Who is Esther Gordillo and how did she win Congress, you ask? Give me a moment for that issue. First, we have some quasi-official Congressional results. The preliminary estimates appear to have been remarkably inaccurate. (Diego Valle, can you explain that?)
In the Senate, the PRI-Green alliance has picked up 48 senators directly and 13 seats via P.R., for a total of 61, four short of a majority. In the House, the PRI-Green alliance has taken 157 districts plus 83 party-list seats. That is eleven seats shy of a majority. (It is also a full twenty districts less than the preliminary post-election count.)
The New Alliance Party (aka “Panal”) won another ten P.R. seats. If the PRI can convince the Panal to support them, that would provide 250 votes.
Now 250 votes aren’t quite enough for a majority. The Mexican constitution contains no tie-breaking provisions. Article 142 of the House internal rules states only that in the event of a tie, the House will immediately vote again.
If still tied, they vote again the next day, at which point that’s it. (Unless the matter is really pressing, in which case they will hope for a miracle, or something. Really! Go read the rules at the above link.) So the PRI will need 251 votes to pass legislation through the lower house. With the Panal plus one independent or PAN defector, they will have it.
Which brings us to Elba Esther Gordillo and the Panal. Gordillo heads the national teachers union (SNTE). Now, I am aware that Republicans like to prattle on about the power of the teachers unions in the United States. That is because Republicans do not know what a real union looks like. Gordillo is immensely powerful, and immensely corrupt. Frex, on an official salary of $26,910 a year she somehow bought a house in San Diego for $1.7 million, in the same neighborhood as Mitt Romney.
The SNTE was part of the PRI machine, but split in 2006 to support the PAN. As part of that split, the union created its own political party, the Panal. Lest there be some confusion, Patrick Corcoran reminds us that the top two positions in the Panal bureaucracy went respectively to Gordillo’s daughter and Gordillo’s personal secretary. Gordillo could have just thrown her votes to the PAN directly, but creating a party gave her more flexibility ... and access to federal election subsidies. Panal did not run a presidential candidate in ‘06, but it did picked up nine seats in the House and elected one senator.

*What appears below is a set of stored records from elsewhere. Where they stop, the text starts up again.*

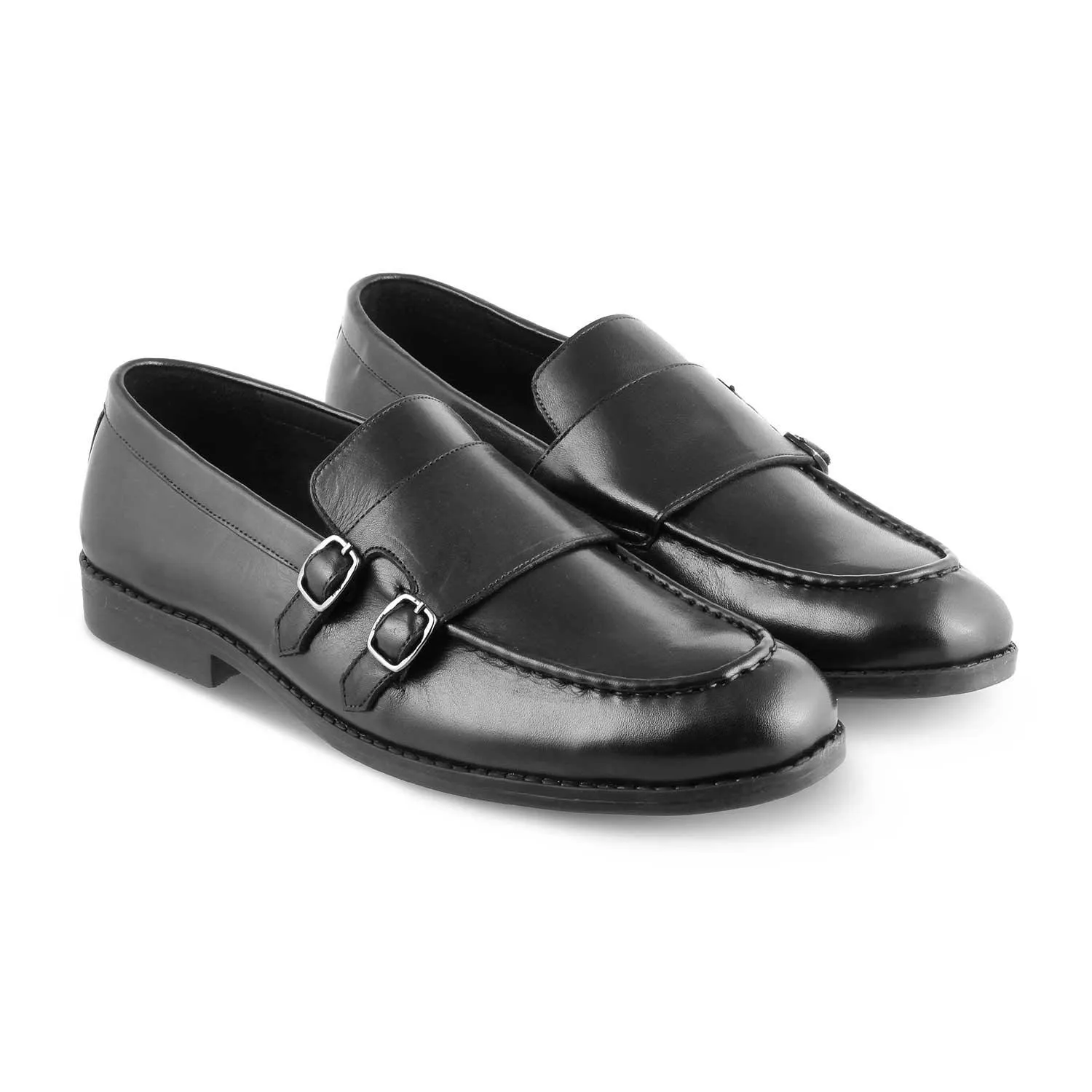 The Bondy Black Men's Double Monk Shoes Tresmode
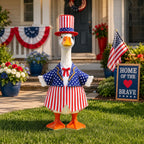 Patriotic porch goose outfit top hat and dress accessories for garden decor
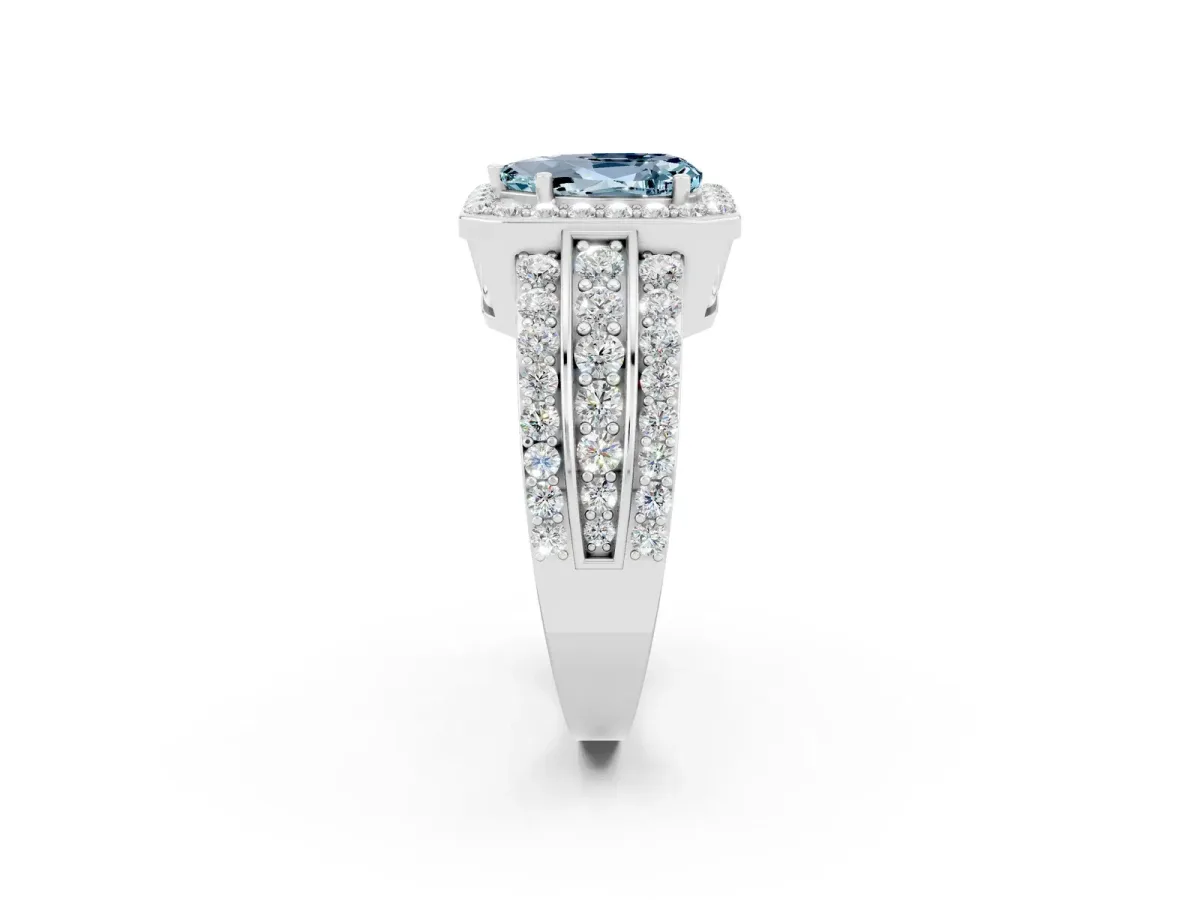 Pear Cut Halo Aquamarine Ring with Round Split Shank and Prong Setting Silver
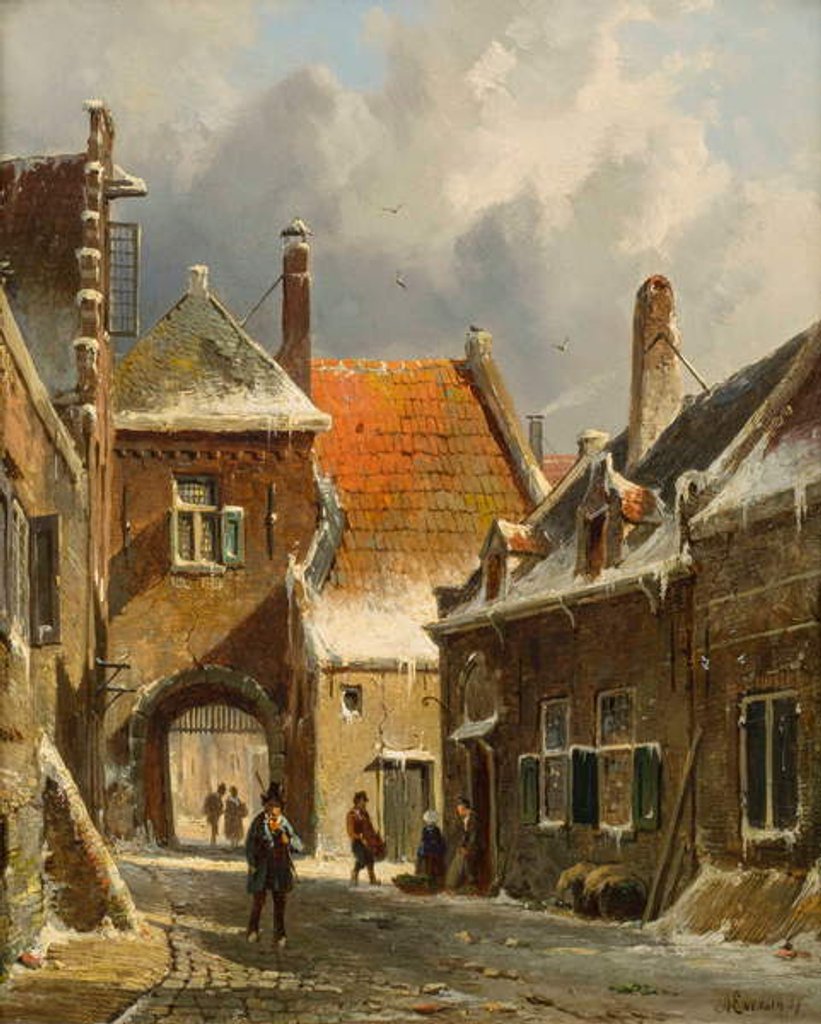 Detail of A Winter Street Scene, 19th century by Adrianus Eversen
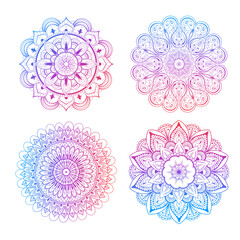 A set of beautiful mandalas and lace circles. Round gradient mandala vector. Traditional oriental ornament with a concentric gradient. Element for applying to objects for yoga, meditation, spiritual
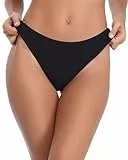 NLAND Braguitas de Bikinis Mujer Braga de Baño Tanga con Corte Alto Brasileño Braga de Bikini de Playa (Negro,L)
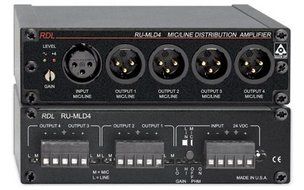 RDL RU-MLD4T MicLine Distribution Amplifier 4 CH with Studio Quality Audio Output Transformer - Power Supply Included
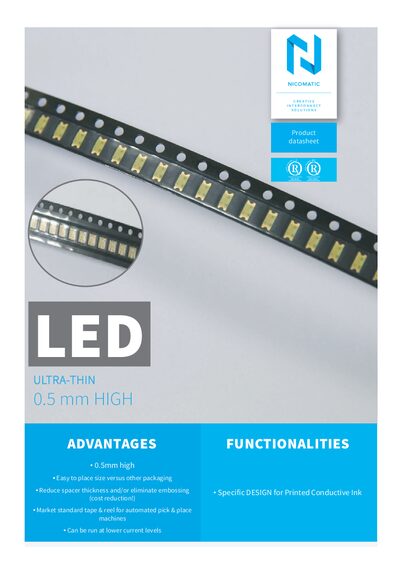 Nicomatic Ultra-Thin LED Product Data Sheet - cover page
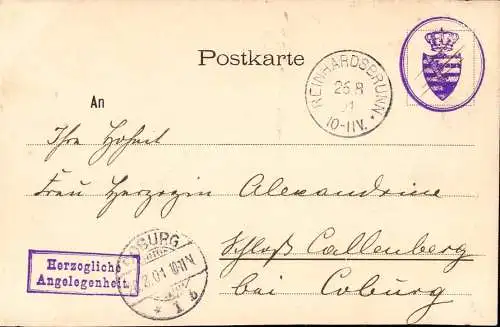 604303 | Herzogliche Angelegenheit des Herzogtums Sachsen-Coburg und Gotha aus dem Schloss  | Reinhardsbrunn Post Friedr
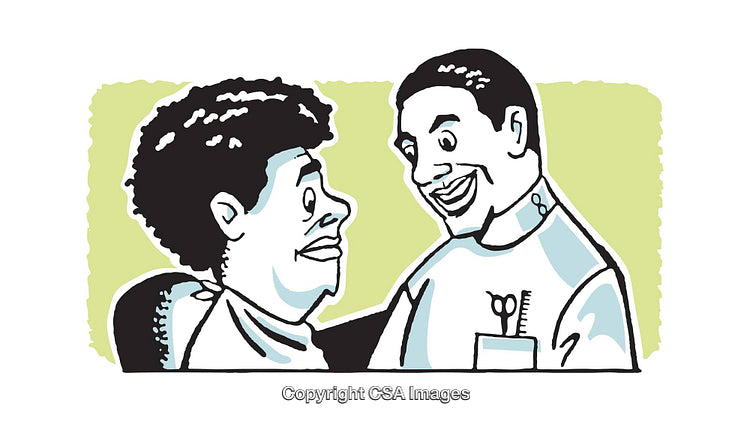 Friendly Barber Interacting with Client in a Colorful Illustration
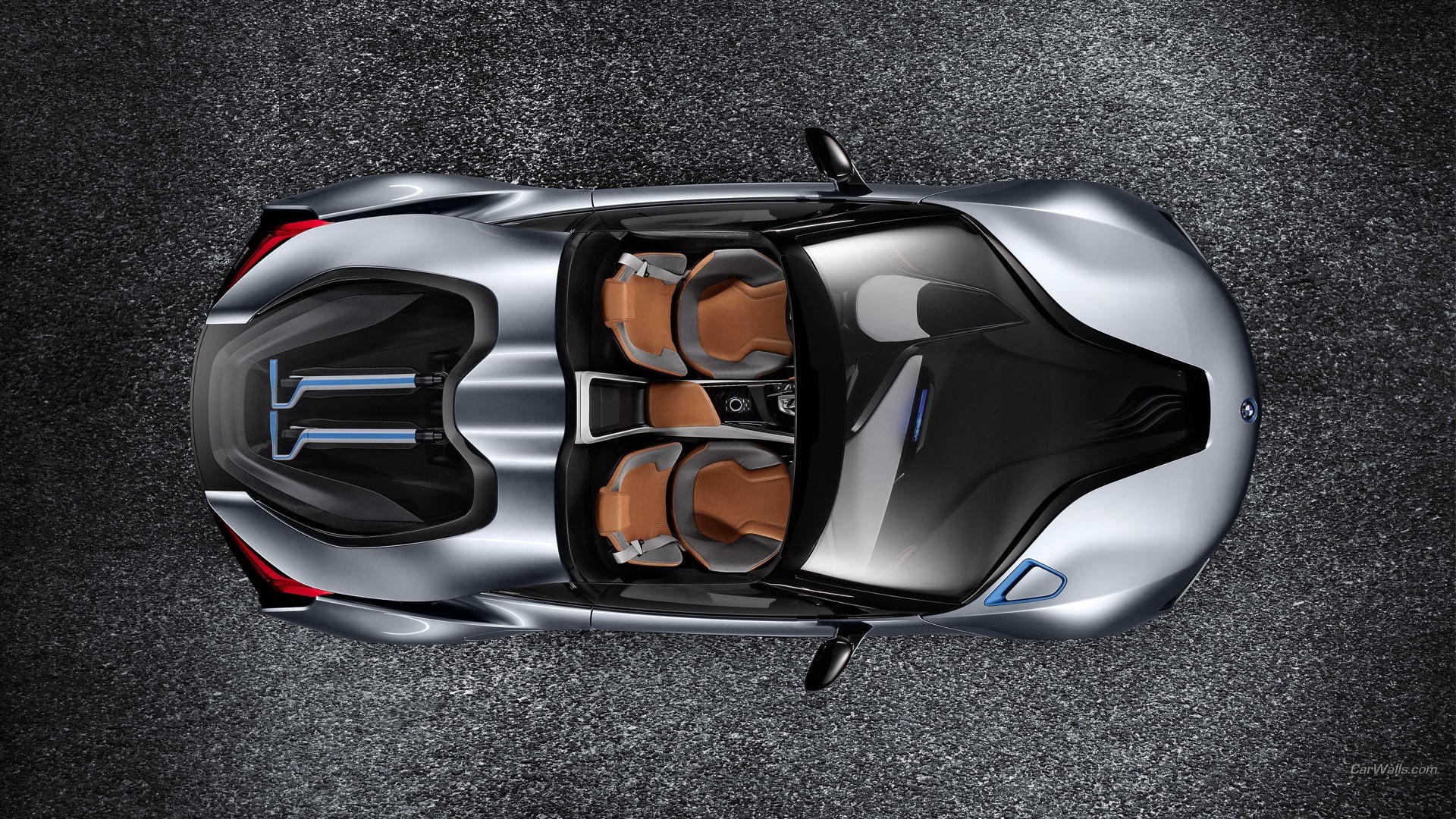 still life, directly above, sign, high angle view, speed, no people, BMW, gray, day, motor vehicle, silver cars, vehicle, shiny, single object, 1080P, HD Wallpaper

This year, Panal ran its own candidate for president, the hapless and vaguely hipster-looking Gabriel Quadri. The reason was to leave Gordillo’s options open for post-election negotiations. The SNTE has 1.2 million members and managed to pull in about that many votes for Quadri, plus 1.7 million votes for the Panal’s congressional slate, enough for ten deputies and a senator.
Now, my prediction is that given its internal splits, the PAN will not resort to a Republican-style strategy of unified opposition. That will reduce Gordillo’s leverage. That said, she will be the PRI’s easiest route to a working majority in the lower house, giving her something close to a veto. In other words, it is probably the best possible result from La Maestra’s point of view.
But it is a bad result for Mexico. Not the worst, but bad. For those who still wonder why (the $1.7 million house wasn’t enough?) read this article from the Economist.
Ms. Gordillo is not the sort of person you want in a position of power, and this election gives her more power.
By way of a small clarification, Nueva Alianza did run a candidate in '06: Roberto Campa, who completely disappeared from the spotlight after the election.
Nueva Alianza getting enought votes to keep registration is bad enough news, but I agree that their resulting bargaining position is just terrible.
Posted by: Francisco | July 12, 2012 at 10:18 PM
(Slaps forehead.) That's right. He was the guy who campaigned for any vote for the party, right? "Don't vote for me, just give us a vote for, you know, any office," or something.
Posted by: Noel Maurer | July 13, 2012 at 07:26 AM
I haven't looked at the data but maybe its related to the butterfly ballot like way of voting in Mexico? In districts where the PVEM and the PRI did not form a coalition there were probably a lot of null votes because people got confused and voted for two candidates.